═════ Entries supplied

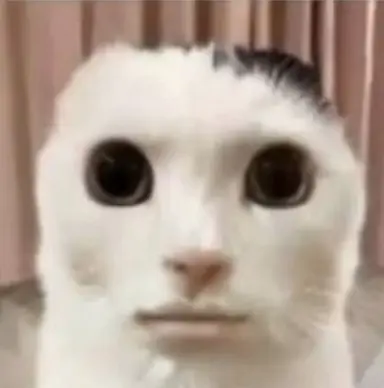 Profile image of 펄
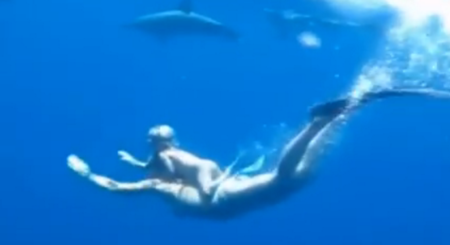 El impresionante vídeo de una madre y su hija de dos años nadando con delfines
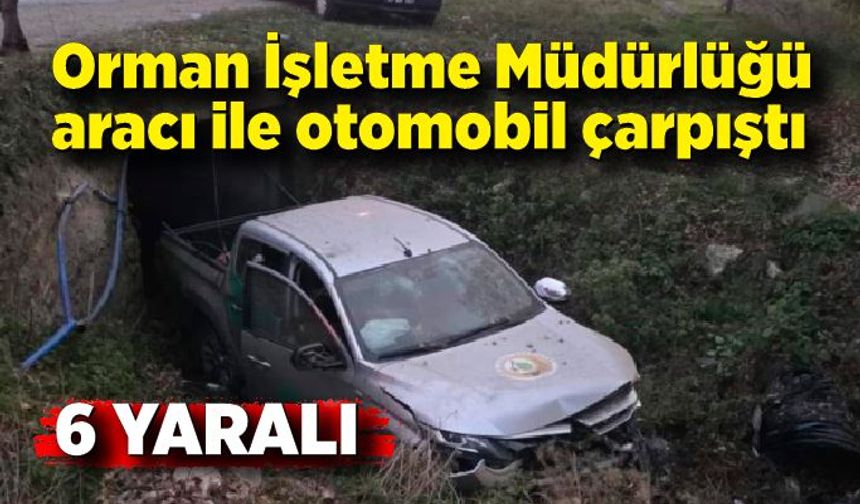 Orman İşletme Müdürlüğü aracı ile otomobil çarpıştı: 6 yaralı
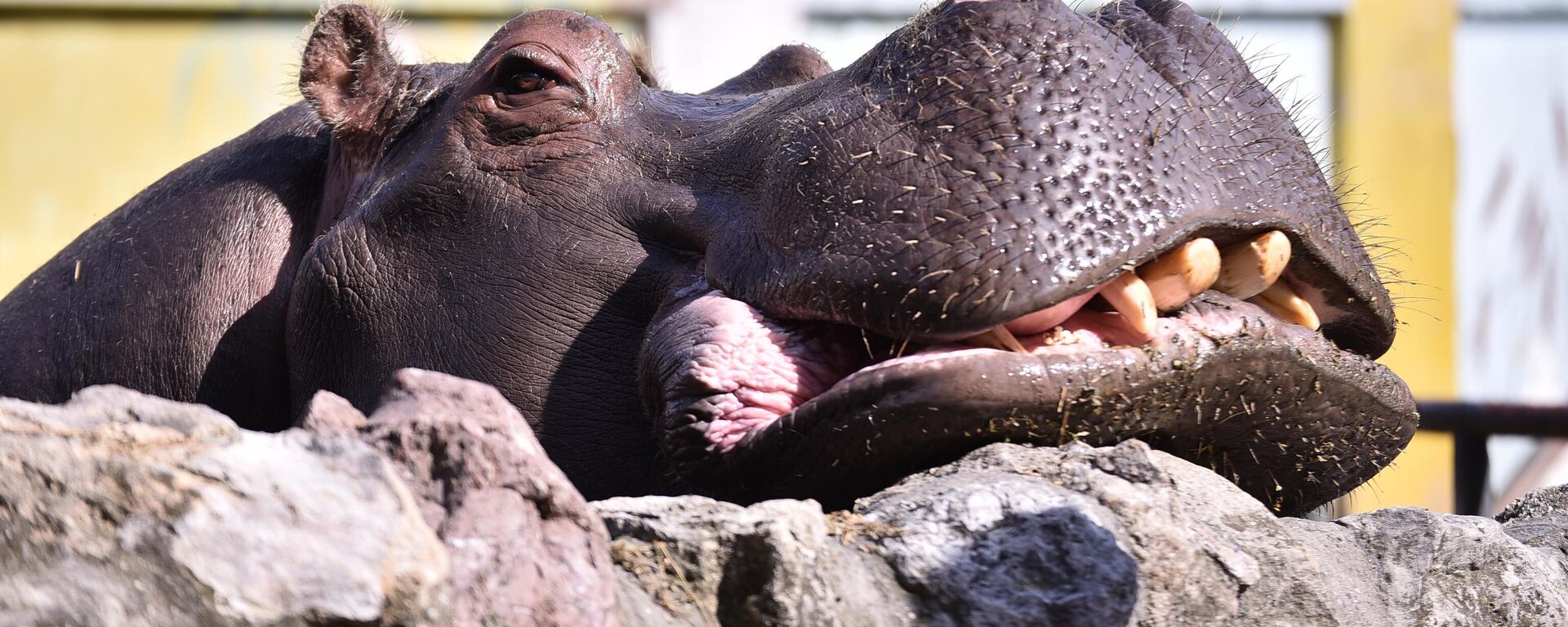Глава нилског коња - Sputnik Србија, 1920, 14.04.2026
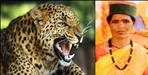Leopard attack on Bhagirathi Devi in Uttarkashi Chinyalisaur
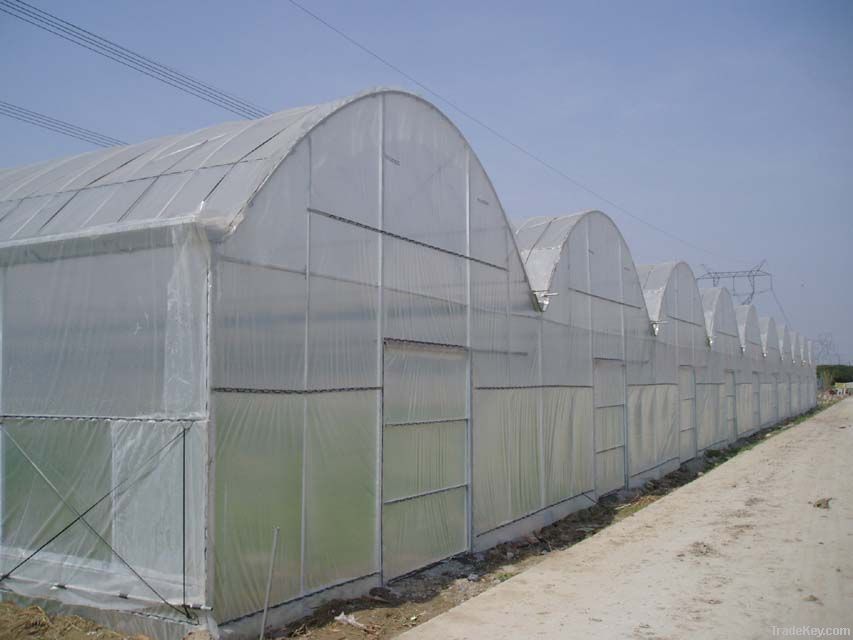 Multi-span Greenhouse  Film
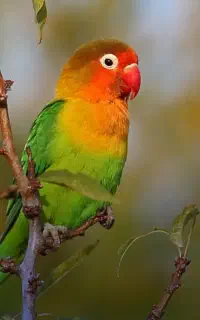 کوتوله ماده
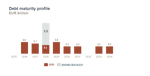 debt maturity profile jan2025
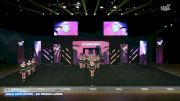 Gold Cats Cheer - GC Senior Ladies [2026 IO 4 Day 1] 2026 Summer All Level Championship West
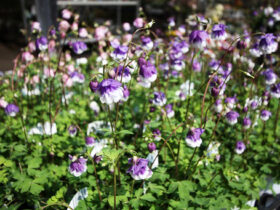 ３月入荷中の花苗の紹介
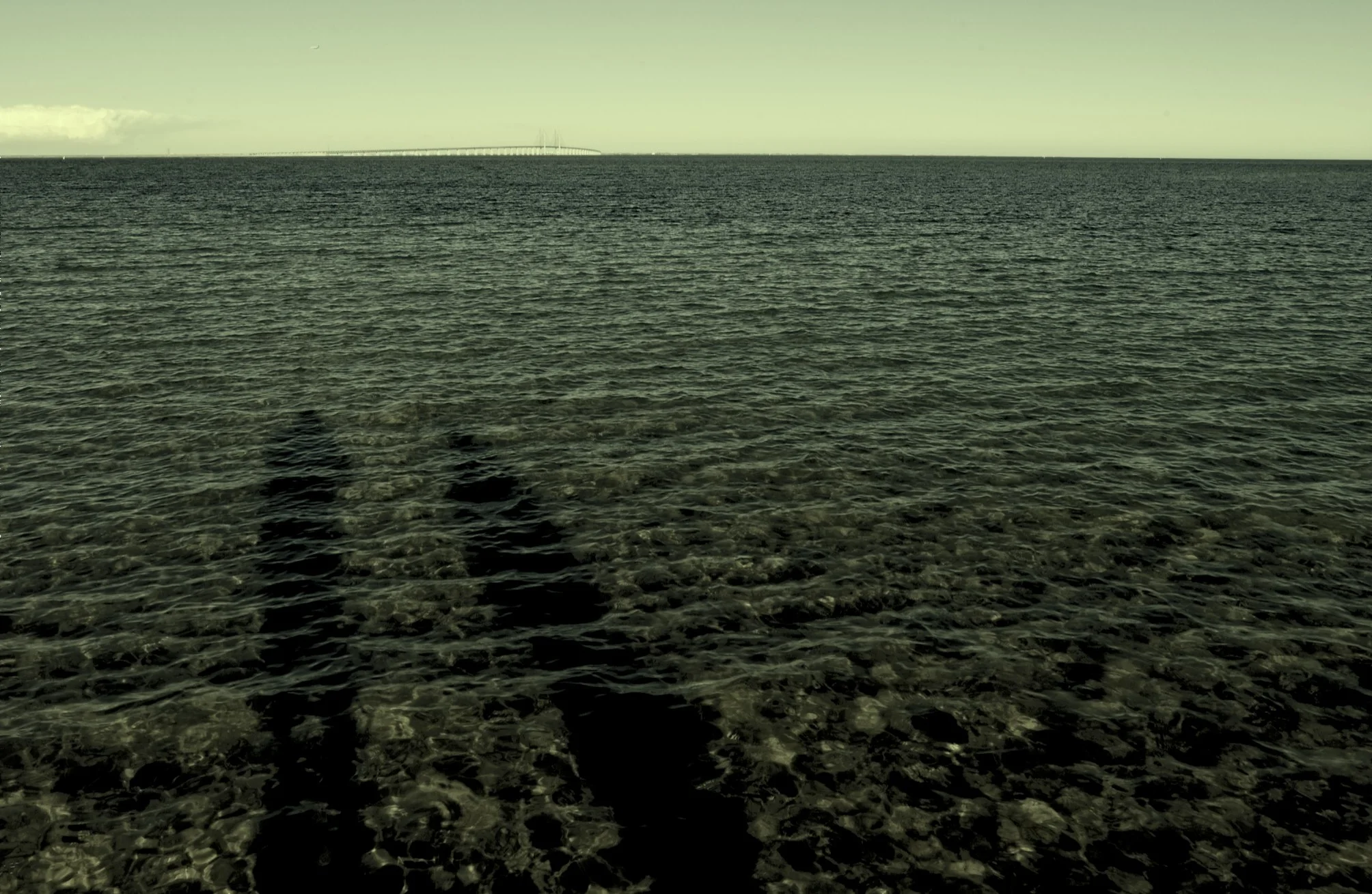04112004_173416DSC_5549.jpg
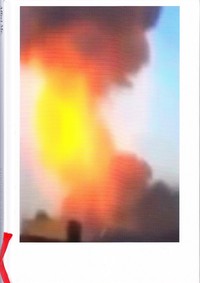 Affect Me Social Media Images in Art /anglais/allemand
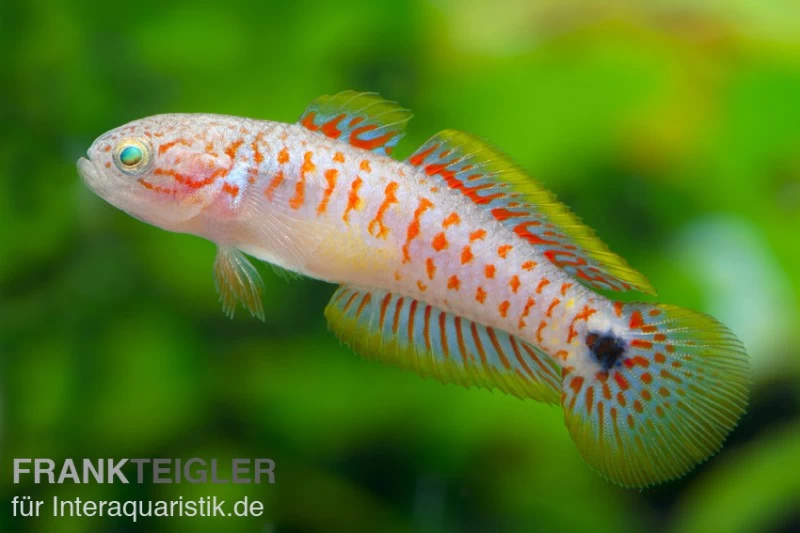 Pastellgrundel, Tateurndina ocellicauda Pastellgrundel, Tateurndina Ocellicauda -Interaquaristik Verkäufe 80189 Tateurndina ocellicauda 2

══════════
═════ Entries supplied

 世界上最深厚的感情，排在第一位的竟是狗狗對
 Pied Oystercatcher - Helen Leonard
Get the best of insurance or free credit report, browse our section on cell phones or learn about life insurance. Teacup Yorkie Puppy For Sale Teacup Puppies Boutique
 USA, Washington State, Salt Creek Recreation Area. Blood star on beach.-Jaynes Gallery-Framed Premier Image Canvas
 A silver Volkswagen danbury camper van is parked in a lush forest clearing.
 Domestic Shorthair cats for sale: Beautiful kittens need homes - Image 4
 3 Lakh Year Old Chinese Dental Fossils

══════════
═════ Entries supplied

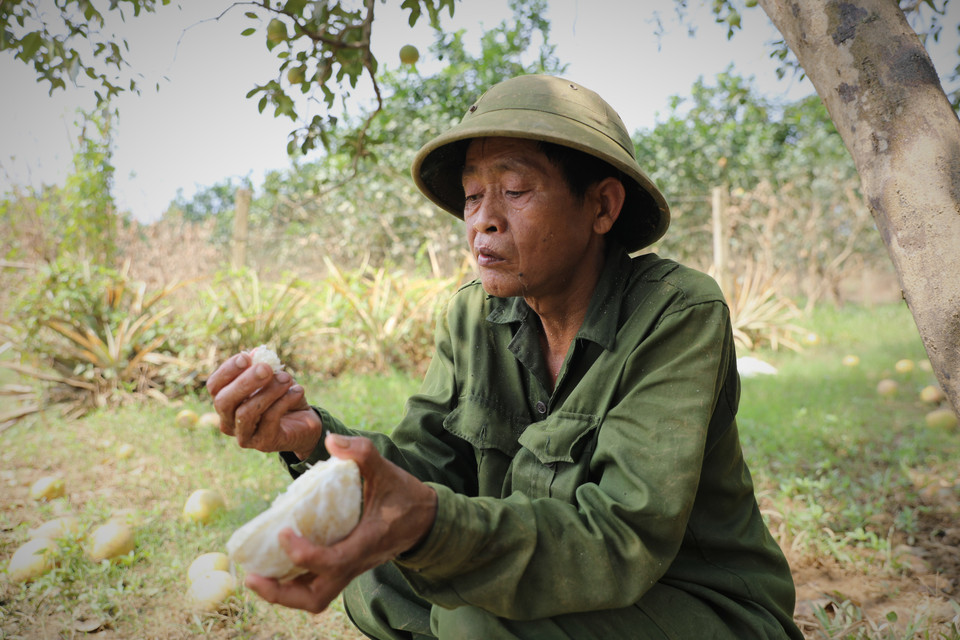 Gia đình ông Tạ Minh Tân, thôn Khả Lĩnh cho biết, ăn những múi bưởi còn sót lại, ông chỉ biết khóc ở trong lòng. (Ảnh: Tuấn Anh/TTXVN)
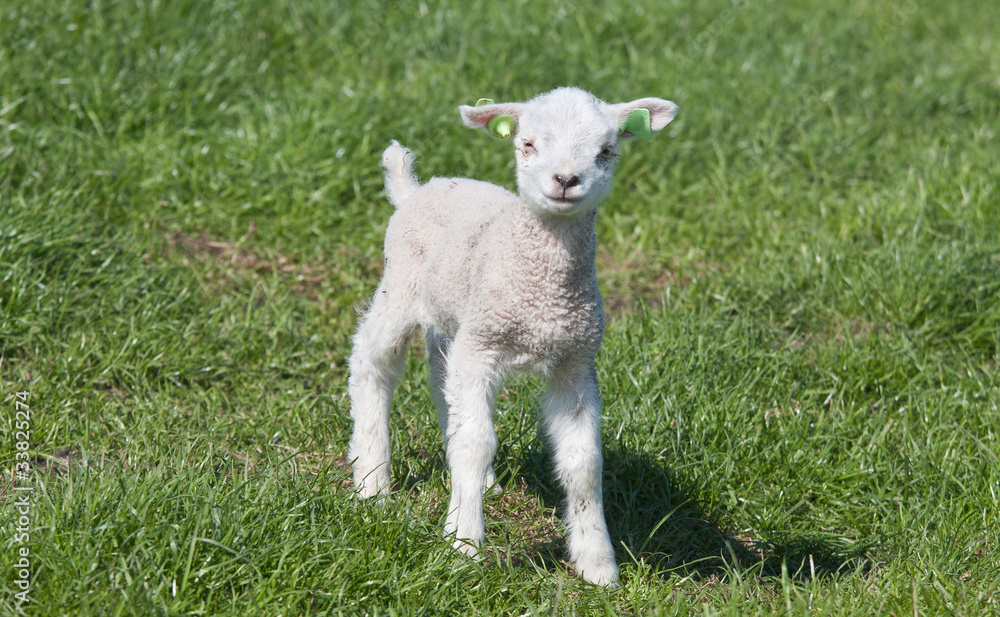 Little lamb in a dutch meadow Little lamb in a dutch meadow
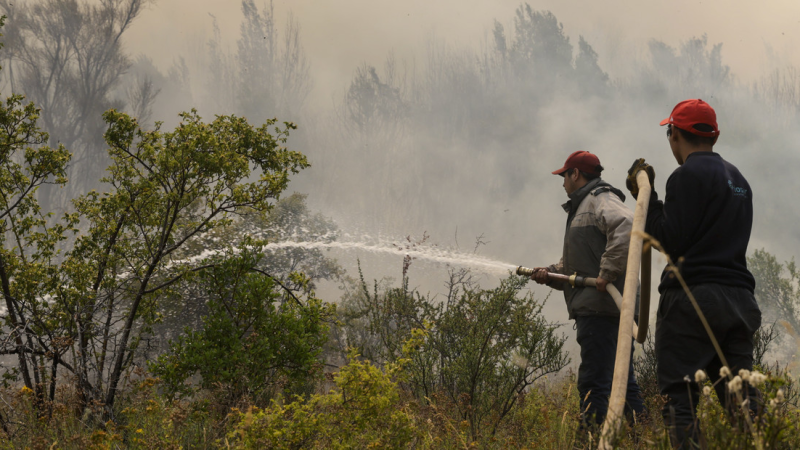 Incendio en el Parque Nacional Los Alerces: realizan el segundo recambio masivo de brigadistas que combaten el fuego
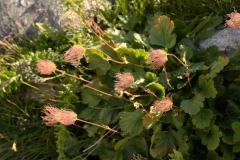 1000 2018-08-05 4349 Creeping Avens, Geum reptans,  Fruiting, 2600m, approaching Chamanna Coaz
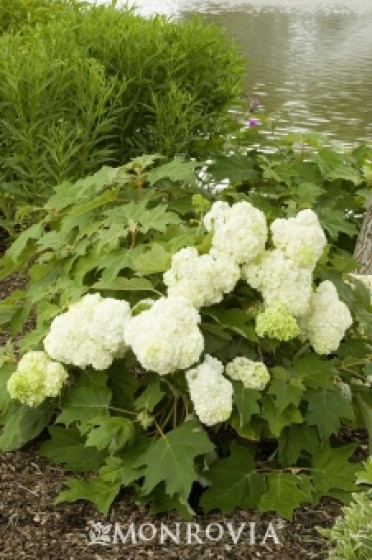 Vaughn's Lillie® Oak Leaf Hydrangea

══════════

* _Exercise prompt_: Using the data above, which lines fall from the one with "Little lamb in a dutch meadow Little" through the one with "Vaughn's Lillie® Oak Leaf Hydrangea"? Repeat them exactly, ends included, minus any pictures.

* _Your solution_:
 Little lamb in a dutch meadow Little lamb in a dutch meadow
 Incendio en el Parque Nacional Los Alerces: realizan el segundo recambio masivo de brigadistas que combaten el fuego
 1000 2018-08-05 4349 Creeping Avens, Geum reptans,  Fruiting, 2600m, approaching Chamanna Coaz
 Vaughn's Lillie® Oak Leaf Hydrangea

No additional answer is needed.